In the listing below, find the line containing "Afbeelding van het" and the line containing "Custom Bridal Shash Gown", then copy exactly everything from the first through the second, except the pictures.

-- GIVEN DATA --
- Opening Delimiter -
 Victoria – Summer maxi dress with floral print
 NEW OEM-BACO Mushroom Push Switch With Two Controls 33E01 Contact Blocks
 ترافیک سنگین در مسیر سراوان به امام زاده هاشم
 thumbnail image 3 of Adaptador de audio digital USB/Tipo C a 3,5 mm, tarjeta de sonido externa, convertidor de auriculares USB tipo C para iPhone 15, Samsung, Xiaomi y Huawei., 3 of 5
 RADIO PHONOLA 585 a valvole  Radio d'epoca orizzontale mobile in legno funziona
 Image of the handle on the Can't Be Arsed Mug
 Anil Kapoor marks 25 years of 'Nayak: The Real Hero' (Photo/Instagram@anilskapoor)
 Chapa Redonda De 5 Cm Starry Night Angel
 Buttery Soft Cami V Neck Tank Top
- Closing Delimiter -
- Opening Delimiter -
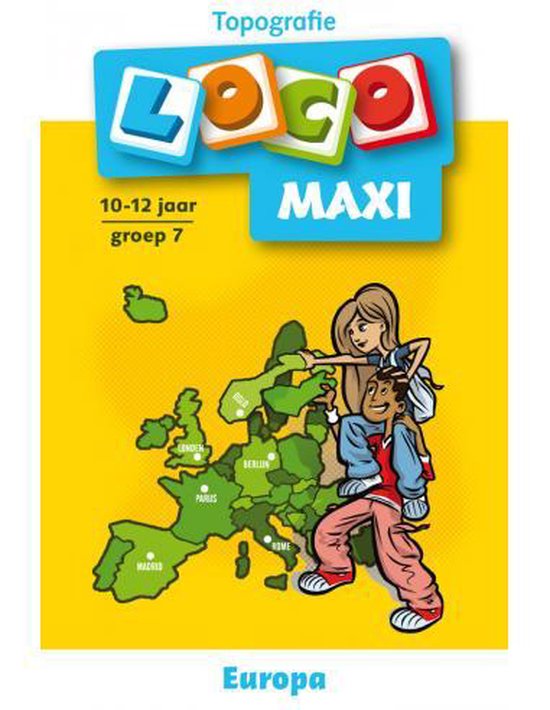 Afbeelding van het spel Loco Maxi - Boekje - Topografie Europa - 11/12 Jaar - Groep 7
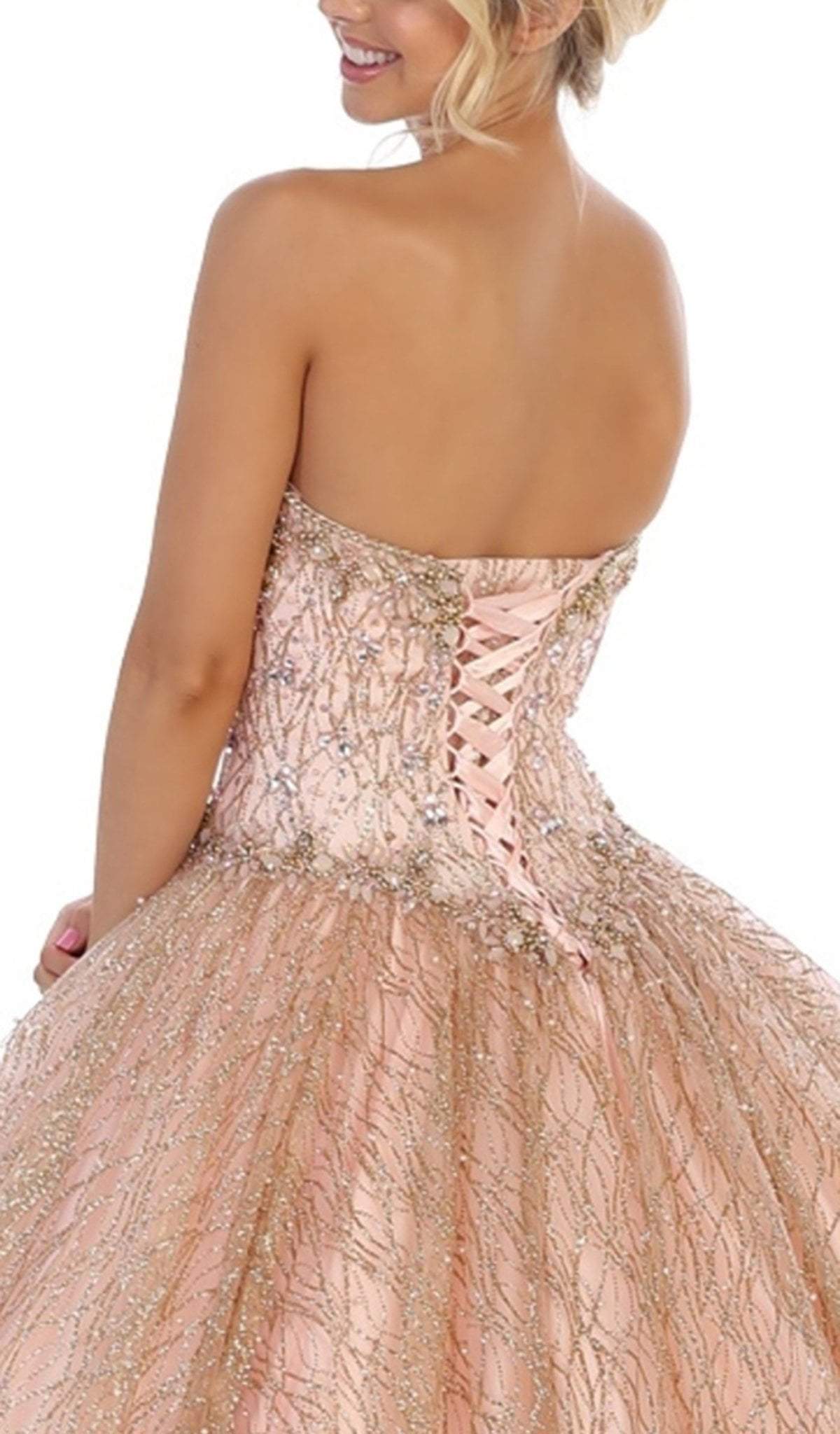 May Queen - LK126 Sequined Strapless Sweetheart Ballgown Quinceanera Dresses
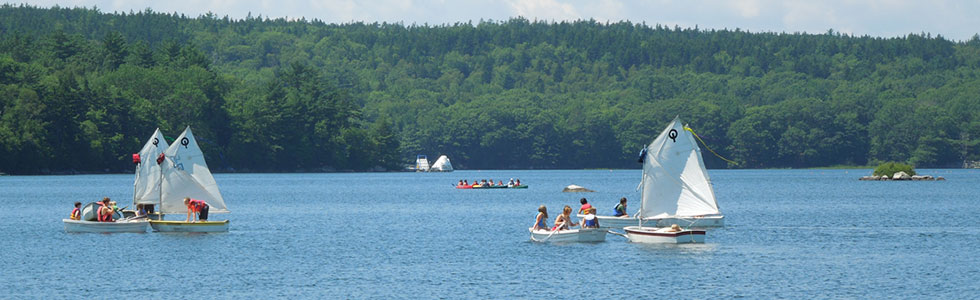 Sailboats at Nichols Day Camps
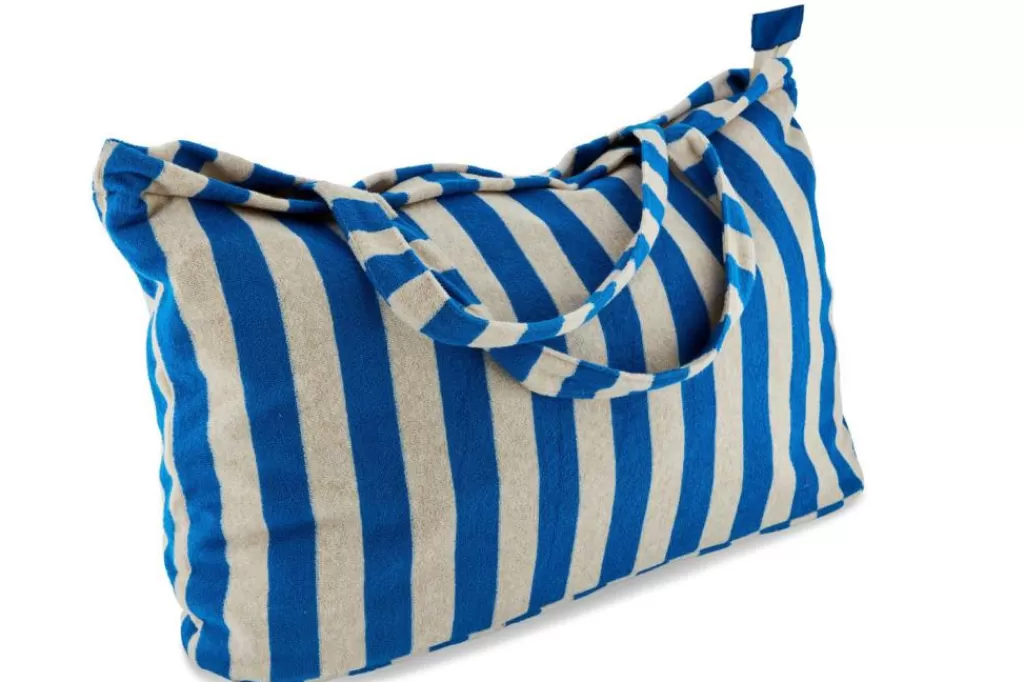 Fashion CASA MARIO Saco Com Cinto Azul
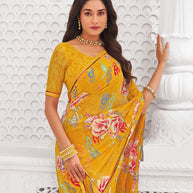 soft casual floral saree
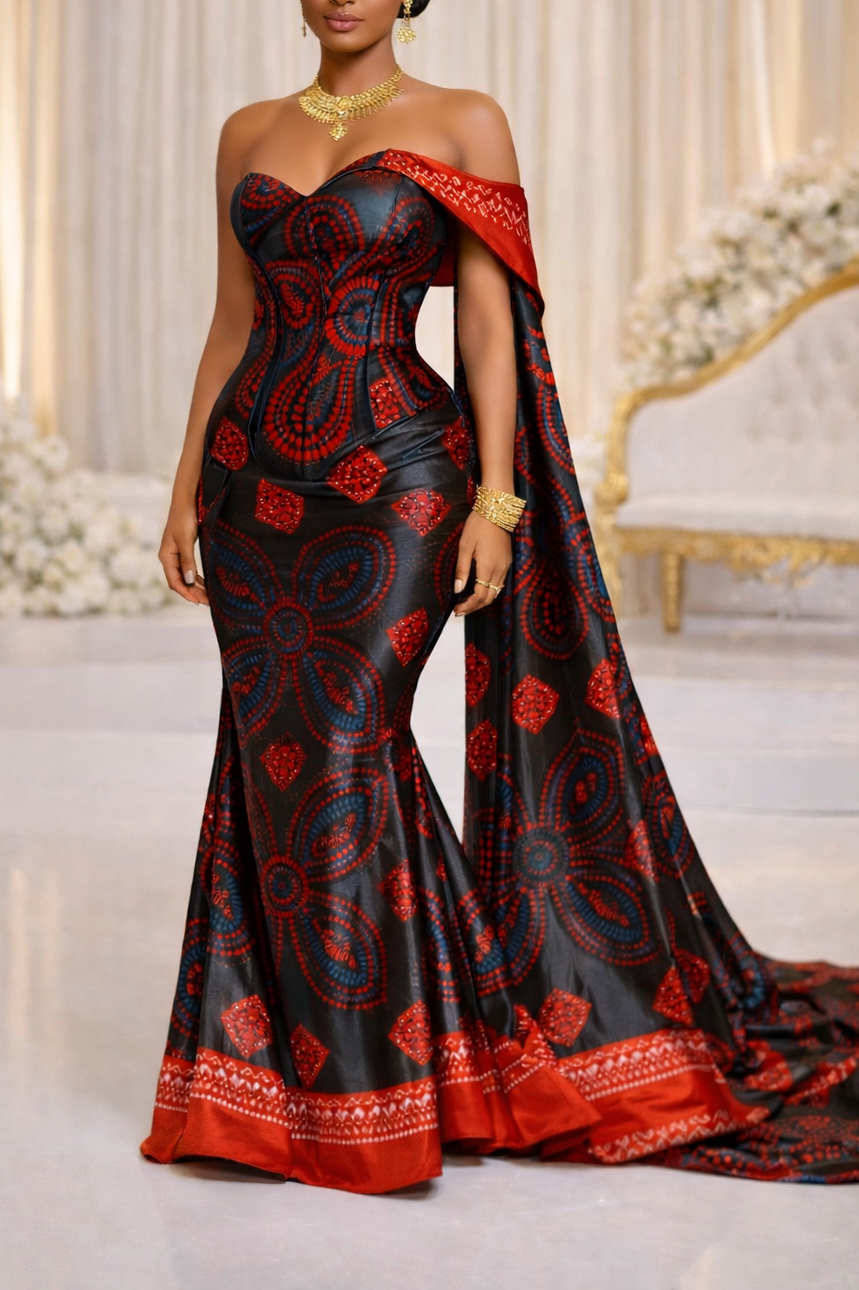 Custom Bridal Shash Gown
- Closing Delimiter -
- Opening Delimiter -
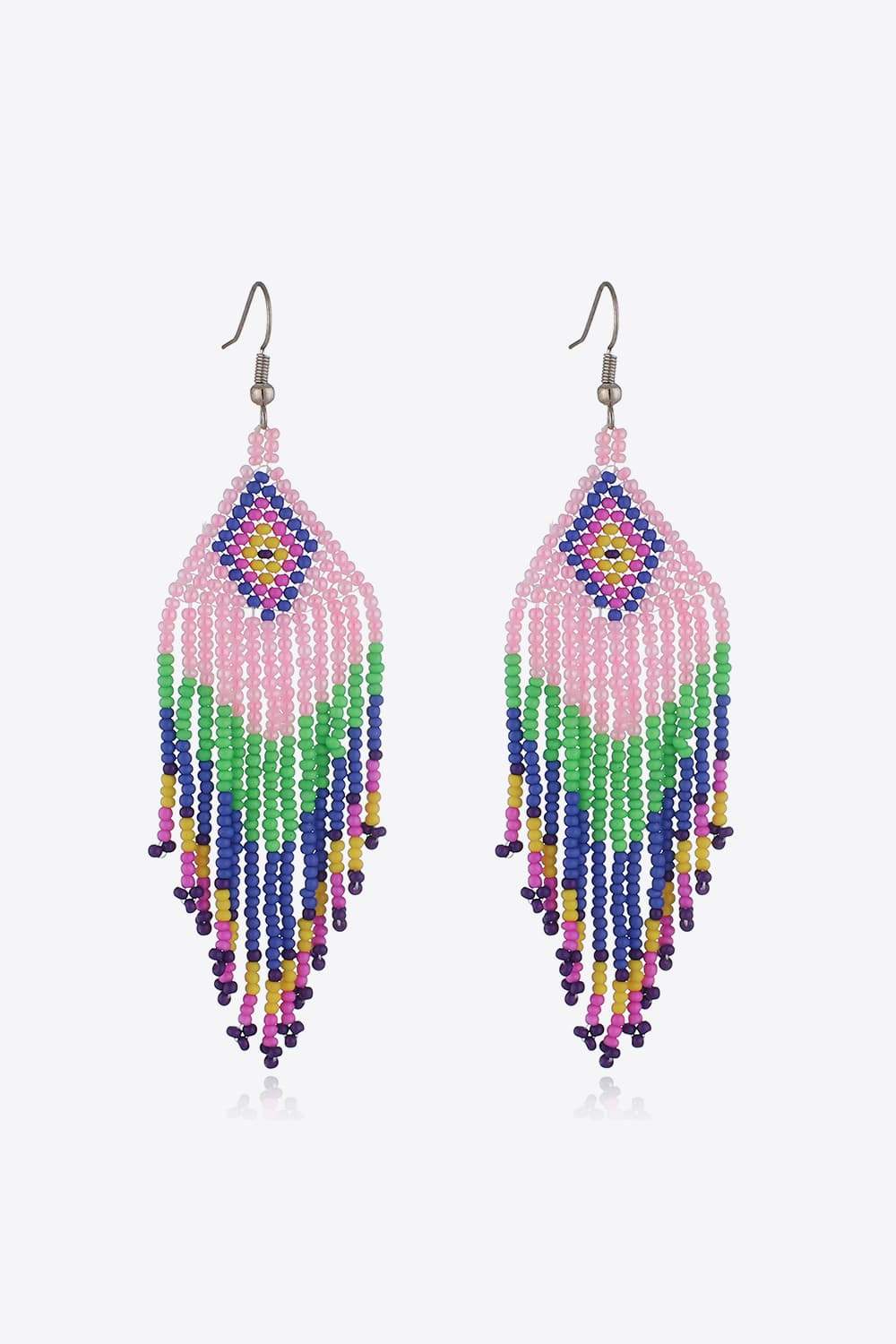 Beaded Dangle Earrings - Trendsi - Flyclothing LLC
- Closing Delimiter -
-- ANSWER SPACE --
 Afbeelding van het spel Loco Maxi - Boekje - Topografie Europa - 11/12 Jaar - Groep 7
 May Queen - LK126 Sequined Strapless Sweetheart Ballgown Quinceanera Dresses
 Sailboats at Nichols Day Camps
 Fashion CASA MARIO Saco Com Cinto Azul
 soft casual floral saree
 Custom Bridal Shash Gown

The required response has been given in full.